To add a custom SQL query and retrieve the data, click Custom SQL and add your query. Click Preview . The results of your query will be displayed in the Preview section.
Click Next .

Zoomdata wraps your SQL query into a SELECT statement. If specific statements inside the wrapped query are not supported by your data source, the query will not be executed.
  1. By default SparkIt is disabled. You can enable it if required. Click Next .

  2. On the Fields page, you can create unique label names for the available fields in your data source. These labels will be displayed in the charts.

    Specify unique label names, as needed, for each Label field.

Figure 5

  1. If necessary, change the Type , Partition , and Default options and select the Distinct Count checkbox to enable this option . For the Filter Display column, you may configure a Custom Range, if available. Click Next .

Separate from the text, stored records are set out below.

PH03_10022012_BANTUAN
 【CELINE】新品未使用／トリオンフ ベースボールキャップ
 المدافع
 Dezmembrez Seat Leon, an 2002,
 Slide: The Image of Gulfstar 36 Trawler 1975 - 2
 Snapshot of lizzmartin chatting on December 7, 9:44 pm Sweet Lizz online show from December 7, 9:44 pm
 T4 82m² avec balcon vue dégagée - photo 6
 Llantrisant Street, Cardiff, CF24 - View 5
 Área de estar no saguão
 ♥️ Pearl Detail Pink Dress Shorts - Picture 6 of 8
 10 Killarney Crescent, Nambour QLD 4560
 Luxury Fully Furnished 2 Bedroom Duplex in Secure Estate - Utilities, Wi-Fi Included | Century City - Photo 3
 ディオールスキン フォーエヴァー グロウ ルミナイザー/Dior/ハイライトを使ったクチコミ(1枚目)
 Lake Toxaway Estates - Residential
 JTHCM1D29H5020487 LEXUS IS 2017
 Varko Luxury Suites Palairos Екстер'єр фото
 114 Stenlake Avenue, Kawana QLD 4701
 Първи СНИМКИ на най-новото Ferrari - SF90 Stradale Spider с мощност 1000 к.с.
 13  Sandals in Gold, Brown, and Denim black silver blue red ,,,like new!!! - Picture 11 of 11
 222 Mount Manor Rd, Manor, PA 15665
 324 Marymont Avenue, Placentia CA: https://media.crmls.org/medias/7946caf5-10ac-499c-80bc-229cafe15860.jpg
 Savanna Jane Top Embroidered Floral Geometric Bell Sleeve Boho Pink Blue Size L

  2. On the Refresh page, you can schedule asynchronous jobs to refresh fields in your data source. Refer to Using the Zoomdata Scheduler article for more information.

Figure 6

  1. On the Charts page, you can enable the charts that will be available for the data source and edit the settings for your charts. That is, select the styles that will be available for the data source, change the global default settings, and more. Learn more about how to customize the chart settings .

  2. Click Finish to save your changes.

Figure 7